CHARDON — Geauga County Assistant Prosecutor Chris Joyce told a panel of 12 jurors the case they were about to hear was a tragic one.
“It’s about a murder-for-hire. It’s about how … Mr. Joseph Rosebrook offered money so that someone would kill a previous business partner of his,” Joyce told the eight men and four women seated in the jury box inside Geauga County Common Pleas Court Judge David Fuhry’s courtroom Monday afternoon.
Joe Rosebrook, front, reads through documents Monday as the first day of his murder-for-hire trial begins in Geauga County Common Pleas Court. (PHOTO | GEAUGA COUNTY MAPLE LEAF)
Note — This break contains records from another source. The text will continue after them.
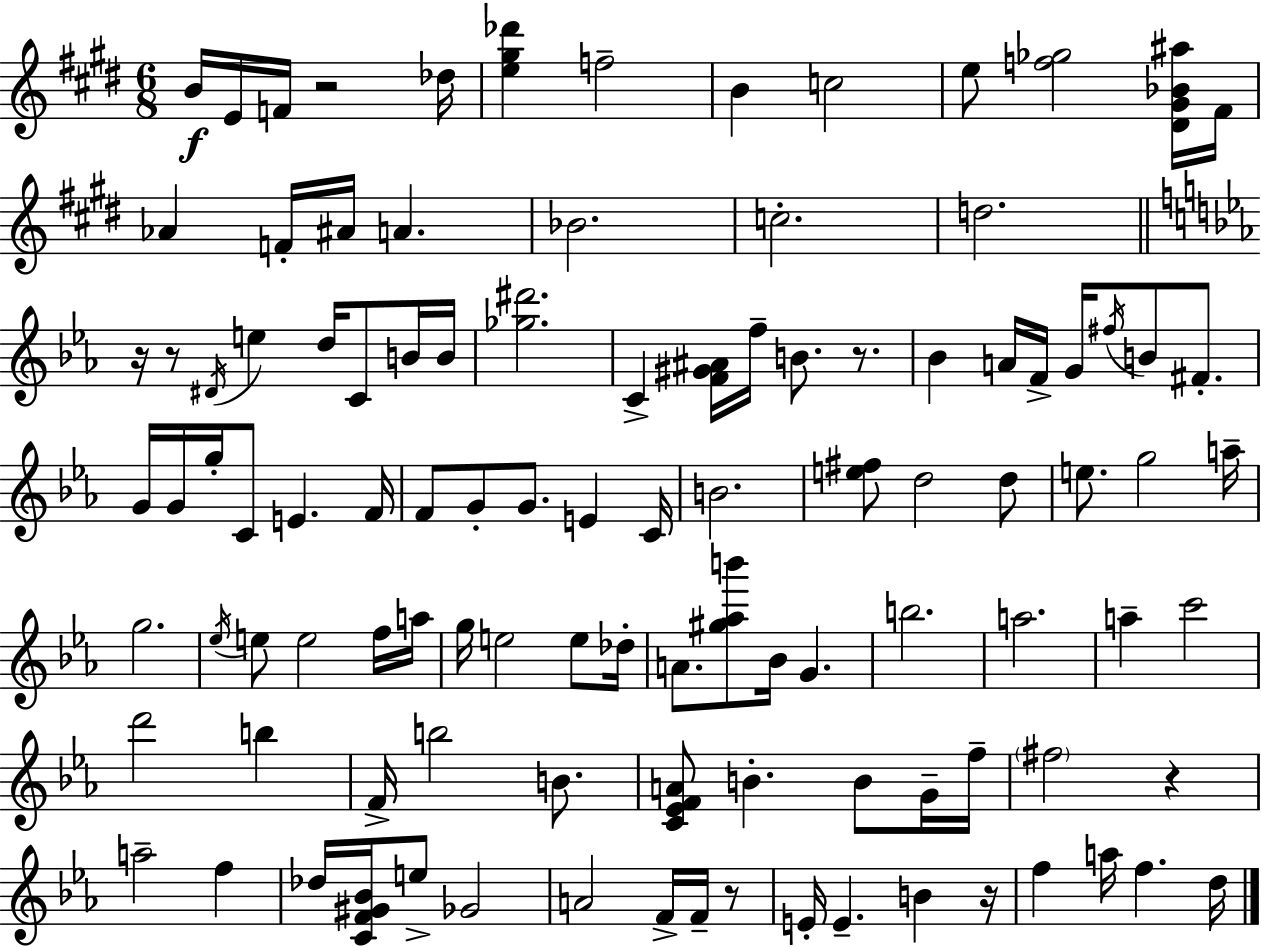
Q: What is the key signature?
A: E major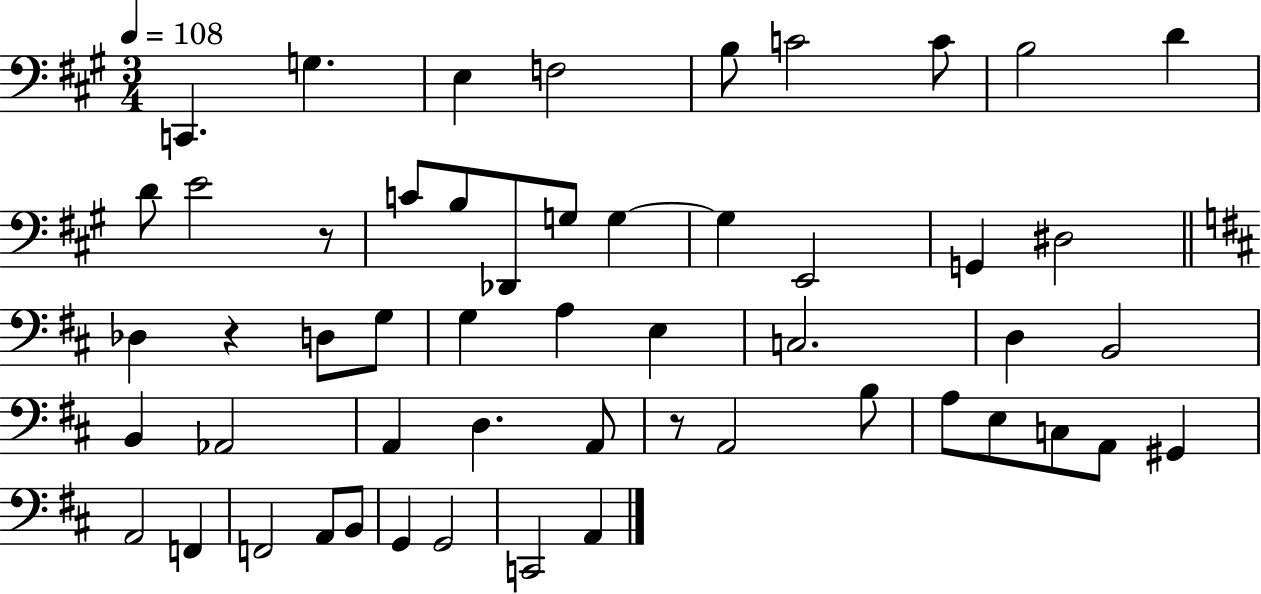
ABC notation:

X:1
T:Untitled
M:3/4
L:1/4
K:A
C,, G, E, F,2 B,/2 C2 C/2 B,2 D D/2 E2 z/2 C/2 B,/2 _D,,/2 G,/2 G, G, E,,2 G,, ^D,2 _D, z D,/2 G,/2 G, A, E, C,2 D, B,,2 B,, _A,,2 A,, D, A,,/2 z/2 A,,2 B,/2 A,/2 E,/2 C,/2 A,,/2 ^G,, A,,2 F,, F,,2 A,,/2 B,,/2 G,, G,,2 C,,2 A,,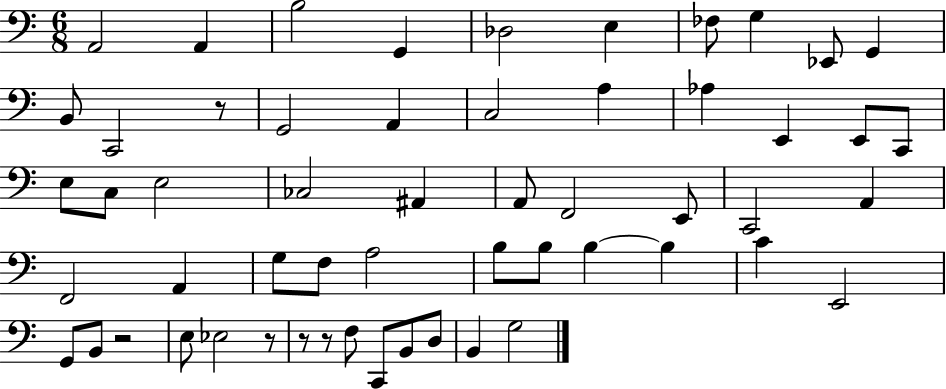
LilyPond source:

{
  \clef bass
  \numericTimeSignature
  \time 6/8
  \key c \major
  a,2 a,4 | b2 g,4 | des2 e4 | fes8 g4 ees,8 g,4 | \break b,8 c,2 r8 | g,2 a,4 | c2 a4 | aes4 e,4 e,8 c,8 | \break e8 c8 e2 | ces2 ais,4 | a,8 f,2 e,8 | c,2 a,4 | \break f,2 a,4 | g8 f8 a2 | b8 b8 b4~~ b4 | c'4 e,2 | \break g,8 b,8 r2 | e8 ees2 r8 | r8 r8 f8 c,8 b,8 d8 | b,4 g2 | \break \bar "|."
}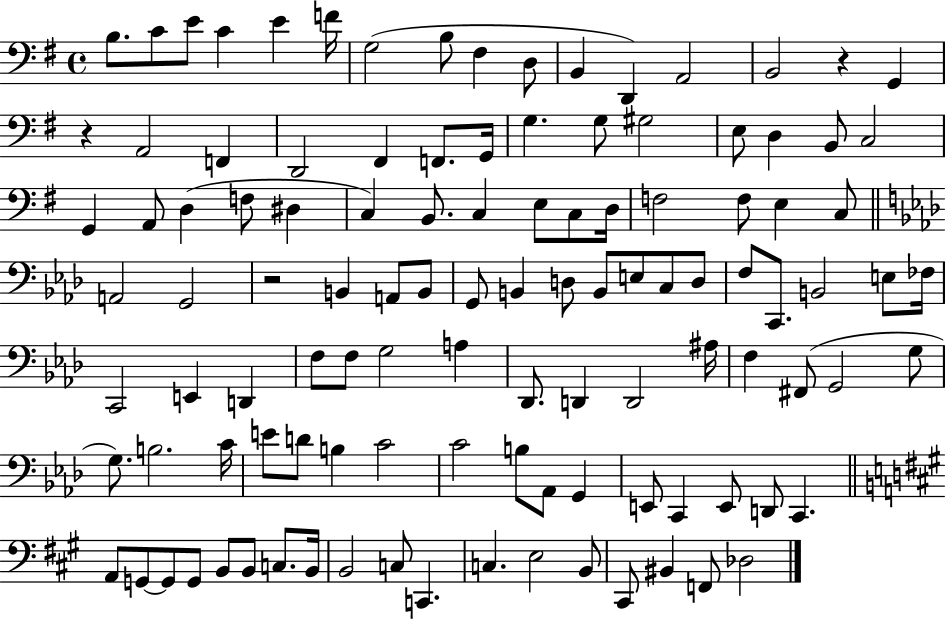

“It’s also about how that murder-for-hire went wrong, how an innocent and completely unrelated man who had nothing to with the enterprise, an unintended target who happened to unfortunately share the same name, fell victim to this contract, this murder for hire,” he said.
So began the prosecutions case against Rosebrook, the Logan County native accused of masterminding a botched murder-for-hire plot in 2006 that left Daniel E. Ott dead.
Joyce told jurors they would hear evidence that sometime before 2006, Rosebrook and two other men, Curtis Frazier and Daniel C. Ott, were involved in an illegal chop-shop operation in southern Ohio. At some point, Joyce said Rosebrook wanted Frazier gone and asked Daniel C. Ott to kill Frazier.
“Daniel C. Ott, however, did not take him up on that offer. Instead, he went to the police and, with his cooperation, that plan was, in fact, thwarted,” Joyce said.
After the plan was stopped, Joyce said the evidence would show Rosebrook shifted his focus from Frazier to Daniel C. Ott and would often speak about how he needed to have this “snitch killed.”
“In fact, the defendant spoke about it so often that eventually somebody did take him up on his offer,” Joyce told jurors, adding Rosebrook was introduced to Chad South, a Dayton-area man willing to carry out the contract.